● **EXTRACTED DATA**
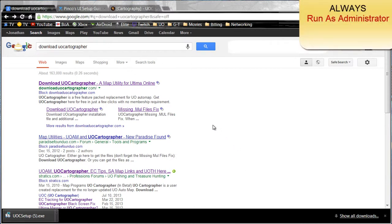Hello everyone, this is Jay going to give you a tutorial on how to get UOCartographer working with the enhanced client.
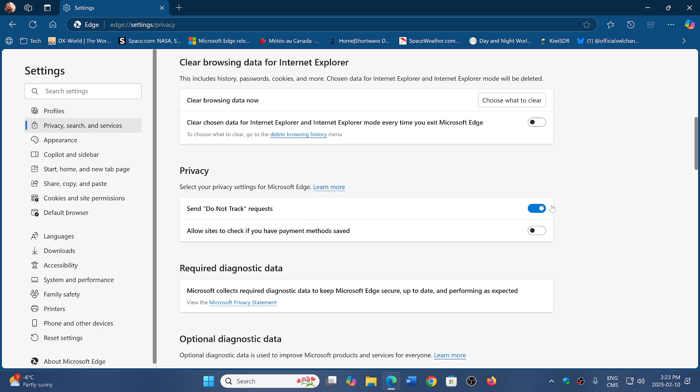Your settings are probably reversed from mine, so your send do not track request might be off and your allow sites to check if you have payment methods saved might be on.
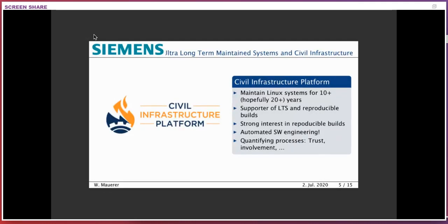The second project where we're partly trying to use machine learning methods is the Civil Infrastructure Platform, where we're trying to support Linux systems for more than ten years — hopefully two decades — keeping a given system configuration supported over time. When industry builds power plants, airplanes, or trains, they don't want to update their software every three weeks. In nuclear power plants, it's wise to not update every year or every five years, so we need to keep it running safely as long as possible.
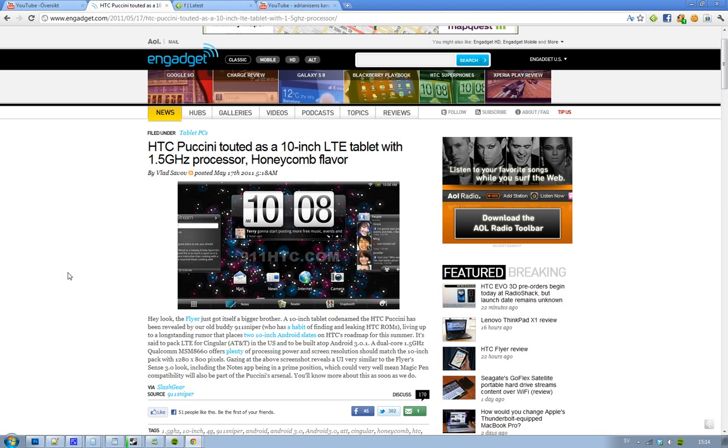But it seems to be built on the Android 3.0.1 Honeycomb version. And, we'll probably know more stuff about this device this summer. So, look forward to that.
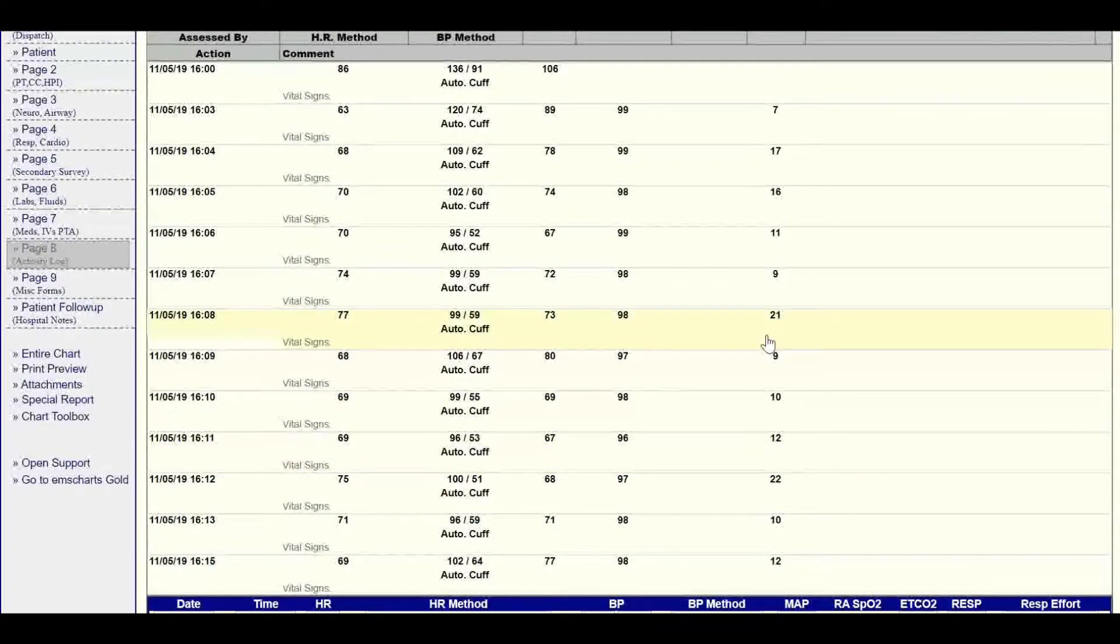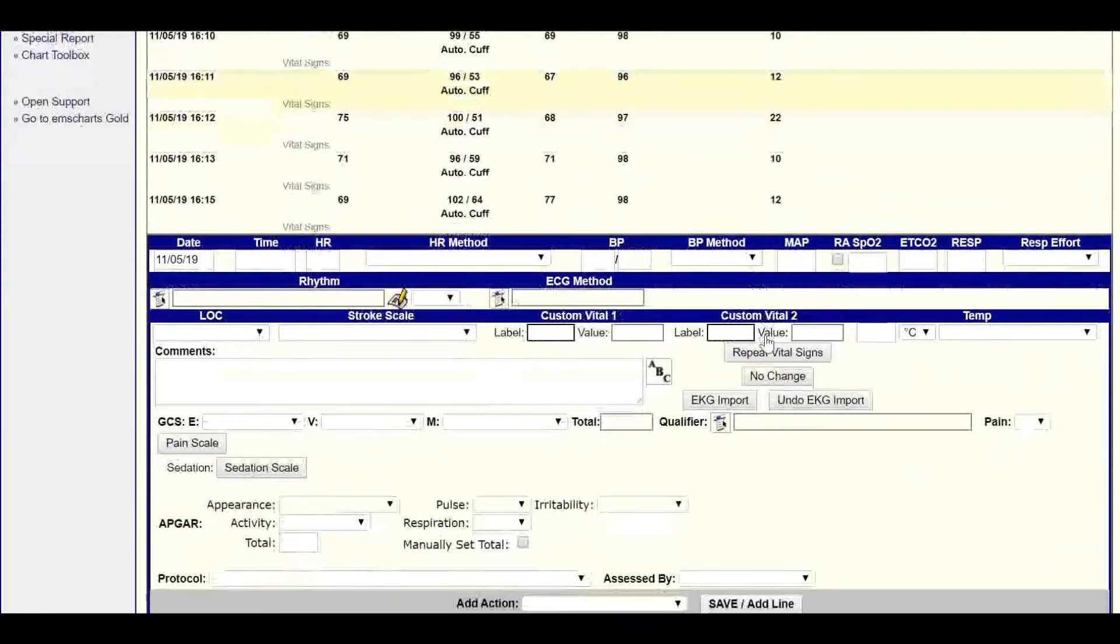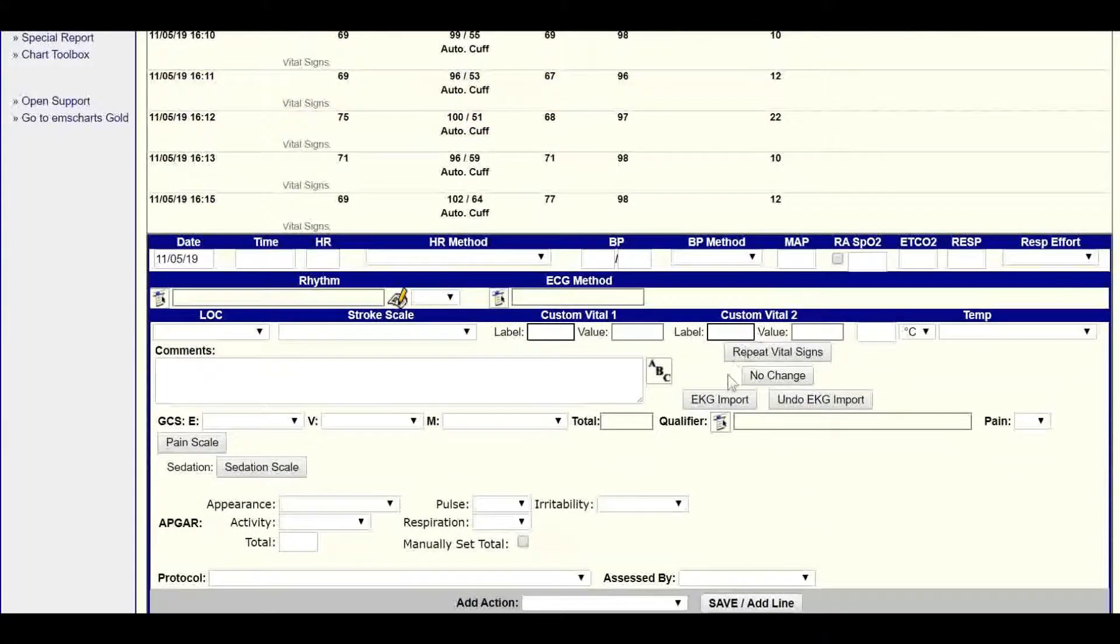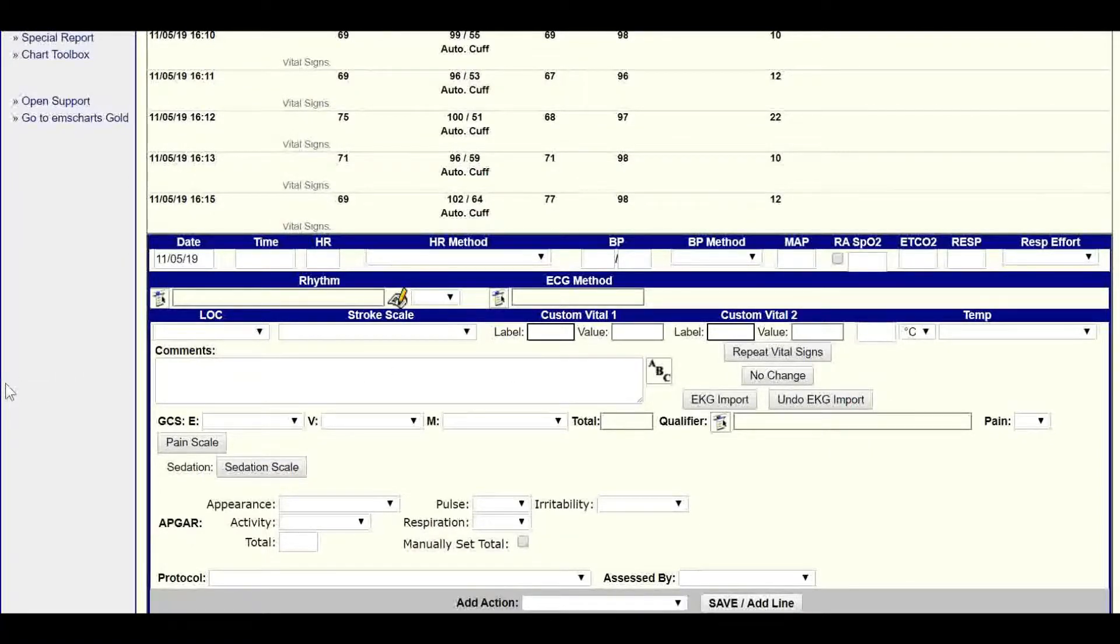If you happen to import the wrong file, there's no problem. You can just go down to the Undo EKG Import button, and it'll remove everything you've done.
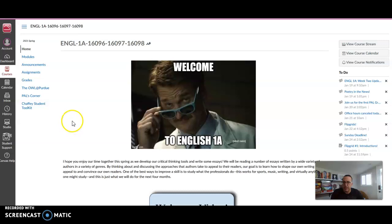So here is the front page of my 1A course. I have it in student view. This is close to what the students see.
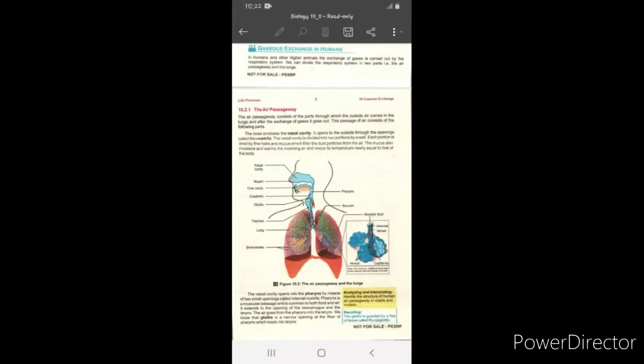My name is Neelam Farooq. Today is our third lecture, which is based on gaseous exchange in humans. Humans and other higher animals have a very well-developed respiratory system, and their respiratory system is divided into two parts.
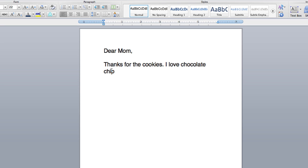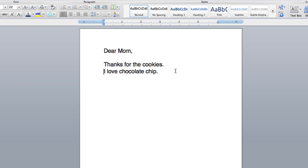But let's say I want 'thanks for the cookies' to be on a different line from 'I love chocolate chip.' You can just click your cursor right where you want a new line to start and then hit the Enter or Return key. You can hit that twice to get double spaced, and then you'll have lines there.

● **TASK OBJECTIVE**
Every line from the one that holds "My name is Neelam" to the last line of the records above goes into the answer, exactly as written; nothing else does, and no picture does either.

● **TASK ANSWER**
My name is Neelam Farooq. Today is our third lecture, which is based on gaseous exchange in humans. Humans and other higher animals have a very well-developed respiratory system, and their respiratory system is divided into two parts.
But let's say I want 'thanks for the cookies' to be on a different line from 'I love chocolate chip.' You can just click your cursor right where you want a new line to start and then hit the Enter or Return key. You can hit that twice to get double spaced, and then you'll have lines there.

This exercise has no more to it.